Builders of computer systems often need information about floating-point arithmetic. There are, however, remarkably few sources of detailed information about it. One of the few books on the subject, Floating-Point Computation by Pat Sterbenz, is long out of print. This paper is a tutorial on those aspects of floating-point arithmetic (floating-point hereafter) that have a direct connection to systems building. It consists of three loosely connected parts. The first Section, "Rounding Error," on page 173, discusses the implications of using different rounding strategies for the basic operations of addition, subtraction, multiplication and division. It also contains background information on the two methods of measuring rounding error, ulps and relative error. The second part discuses the IEEE floating-point standard, which is becoming rapidly accepted by commercial hardware manufacturers. Included in the IEEE standard is the rounding method for basic operations. The discussion of the standard draws on the material in the Section , "Rounding Error," on page 173. The third part discusses the onnections between floating-point and the design of various aspects of computer systems. Topics include instruction set design, optimizing compilers and exception handling.
I have tried to avoid making statements about floating-point without also giving reasons why the statements are true, especially since the justifications involve nothing more complicated than elementary calculus. Those explanations that are not central to the main argument have been grouped into a section called "The Details," so that they can be skipped if desired. In particular, the proofs of many of the theorems appear in this section. The end of each proof is marked with the * symbol; when a proof is not included, the * appears immediately following the statement of the theorem.
Squeezing infinitely many real numbers into a finite number of bits requires an approximate representation. Although there are infinitely many integers, in most programs the result of integer computations can be stored in 32 bits. In contrast, given any fixed number of bits, most calculations with real numbers will produce quantities that cannot be exactly represented using that many bits. Therefore the result of a floating-point calculation must often be rounded in order to fit back into its finite representation. This rounding error is the characteristic feature of floating-point computation. "Relative Error and Ulps" on page 176 describes how it is measured.
Since most floating-point calculations have rounding error anyway, does it matter if the basic arithmetic operations introduce a little bit more rounding error than necessary? That question is a main theme throughout this section. "Guard Digits" on page 178 discusses guard digits, a means of reducing the error when subtracting two nearby numbers. Guard digits were considered sufficiently important by IBM that in 1968 it added a guard digit to the double precision format in the System/360 architecture (single precision already had a guard digit), and retrofitted all existing machines in the field. Two examples are given to illustrate the utility of guard digits.

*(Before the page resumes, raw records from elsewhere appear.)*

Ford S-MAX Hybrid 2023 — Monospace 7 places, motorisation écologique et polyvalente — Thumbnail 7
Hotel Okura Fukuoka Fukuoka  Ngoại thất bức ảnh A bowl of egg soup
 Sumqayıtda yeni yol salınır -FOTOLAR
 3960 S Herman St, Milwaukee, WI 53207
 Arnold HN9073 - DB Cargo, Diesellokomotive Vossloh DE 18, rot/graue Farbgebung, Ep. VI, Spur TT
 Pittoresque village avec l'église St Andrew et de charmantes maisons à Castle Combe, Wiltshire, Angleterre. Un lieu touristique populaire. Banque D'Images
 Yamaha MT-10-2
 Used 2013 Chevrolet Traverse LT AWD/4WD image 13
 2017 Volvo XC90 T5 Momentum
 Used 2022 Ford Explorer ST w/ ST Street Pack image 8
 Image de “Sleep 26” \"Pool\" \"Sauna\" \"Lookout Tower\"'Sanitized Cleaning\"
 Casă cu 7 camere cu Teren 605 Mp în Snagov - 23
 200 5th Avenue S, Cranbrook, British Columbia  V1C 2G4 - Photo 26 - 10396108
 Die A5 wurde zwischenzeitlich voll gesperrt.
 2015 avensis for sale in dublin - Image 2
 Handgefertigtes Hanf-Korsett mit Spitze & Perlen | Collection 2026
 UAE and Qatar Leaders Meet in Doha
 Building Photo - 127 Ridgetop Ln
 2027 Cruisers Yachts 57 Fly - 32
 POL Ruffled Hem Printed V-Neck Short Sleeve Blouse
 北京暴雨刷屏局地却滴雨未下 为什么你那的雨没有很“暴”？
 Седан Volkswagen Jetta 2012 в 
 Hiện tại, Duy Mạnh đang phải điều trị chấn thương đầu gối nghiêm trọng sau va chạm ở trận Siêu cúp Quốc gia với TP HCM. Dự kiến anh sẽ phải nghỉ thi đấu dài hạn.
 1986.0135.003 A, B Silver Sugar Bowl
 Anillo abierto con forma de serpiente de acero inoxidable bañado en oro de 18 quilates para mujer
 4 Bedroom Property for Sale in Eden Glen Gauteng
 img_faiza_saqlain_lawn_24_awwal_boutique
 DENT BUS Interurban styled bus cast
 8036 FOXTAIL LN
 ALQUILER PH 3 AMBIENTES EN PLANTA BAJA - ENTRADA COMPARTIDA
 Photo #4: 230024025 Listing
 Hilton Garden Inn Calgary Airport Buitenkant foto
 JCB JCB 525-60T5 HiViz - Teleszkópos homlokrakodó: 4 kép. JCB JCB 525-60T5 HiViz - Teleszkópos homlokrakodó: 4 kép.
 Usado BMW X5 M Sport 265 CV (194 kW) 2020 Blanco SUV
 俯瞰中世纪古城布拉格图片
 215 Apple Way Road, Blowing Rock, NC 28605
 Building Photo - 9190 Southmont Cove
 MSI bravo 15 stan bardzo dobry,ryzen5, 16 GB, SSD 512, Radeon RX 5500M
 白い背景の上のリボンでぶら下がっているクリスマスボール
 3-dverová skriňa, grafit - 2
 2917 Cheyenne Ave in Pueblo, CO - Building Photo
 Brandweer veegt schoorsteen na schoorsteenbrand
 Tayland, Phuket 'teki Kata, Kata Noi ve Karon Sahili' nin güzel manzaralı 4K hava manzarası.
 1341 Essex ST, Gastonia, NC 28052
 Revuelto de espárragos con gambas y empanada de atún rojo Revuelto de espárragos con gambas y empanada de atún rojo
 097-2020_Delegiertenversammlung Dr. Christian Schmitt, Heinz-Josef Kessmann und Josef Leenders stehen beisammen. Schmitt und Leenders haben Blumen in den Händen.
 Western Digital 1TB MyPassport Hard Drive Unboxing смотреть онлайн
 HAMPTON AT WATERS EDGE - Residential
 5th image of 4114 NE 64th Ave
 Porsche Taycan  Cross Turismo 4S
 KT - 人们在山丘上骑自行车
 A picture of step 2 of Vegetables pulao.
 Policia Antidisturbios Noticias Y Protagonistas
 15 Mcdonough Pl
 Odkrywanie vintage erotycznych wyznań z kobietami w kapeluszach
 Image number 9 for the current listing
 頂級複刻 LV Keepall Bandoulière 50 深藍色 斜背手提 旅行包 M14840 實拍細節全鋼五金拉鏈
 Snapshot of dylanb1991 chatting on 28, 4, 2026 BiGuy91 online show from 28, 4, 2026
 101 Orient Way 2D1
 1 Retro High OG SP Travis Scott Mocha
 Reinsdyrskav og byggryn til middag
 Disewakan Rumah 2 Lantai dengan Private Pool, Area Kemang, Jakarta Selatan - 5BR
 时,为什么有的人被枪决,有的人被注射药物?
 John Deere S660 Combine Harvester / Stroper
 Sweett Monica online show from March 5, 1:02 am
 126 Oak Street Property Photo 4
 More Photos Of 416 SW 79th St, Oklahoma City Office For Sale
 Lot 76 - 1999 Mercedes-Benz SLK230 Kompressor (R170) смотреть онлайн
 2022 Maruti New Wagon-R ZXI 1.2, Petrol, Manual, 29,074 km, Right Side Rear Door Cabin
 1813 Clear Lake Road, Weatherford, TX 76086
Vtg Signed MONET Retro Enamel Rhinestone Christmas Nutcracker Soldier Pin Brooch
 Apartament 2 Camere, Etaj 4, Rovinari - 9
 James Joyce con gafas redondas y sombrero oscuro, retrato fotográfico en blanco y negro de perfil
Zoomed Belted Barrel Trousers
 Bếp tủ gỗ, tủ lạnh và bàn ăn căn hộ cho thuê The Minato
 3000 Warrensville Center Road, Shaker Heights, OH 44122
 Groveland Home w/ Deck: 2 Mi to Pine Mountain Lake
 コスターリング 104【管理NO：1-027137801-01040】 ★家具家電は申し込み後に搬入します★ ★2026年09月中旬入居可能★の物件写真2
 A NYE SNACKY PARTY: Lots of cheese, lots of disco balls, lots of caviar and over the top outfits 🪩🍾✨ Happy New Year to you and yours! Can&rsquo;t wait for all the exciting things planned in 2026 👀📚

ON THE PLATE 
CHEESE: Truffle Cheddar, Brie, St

The IEEE standard goes further than just requiring the use of a guard digit. It gives an algorithm for addition, subtraction, multiplication, division and square root, and requires that implementations produce the same result as that algorithm. Thus, when a program is moved from one machine to another, the results of the basic operations will be the same in every bit if both machines support the IEEE standard. This greatly simplifies the porting of programs. Other uses of this precise specification are given in "Exactly Rounded Operations" on page 185.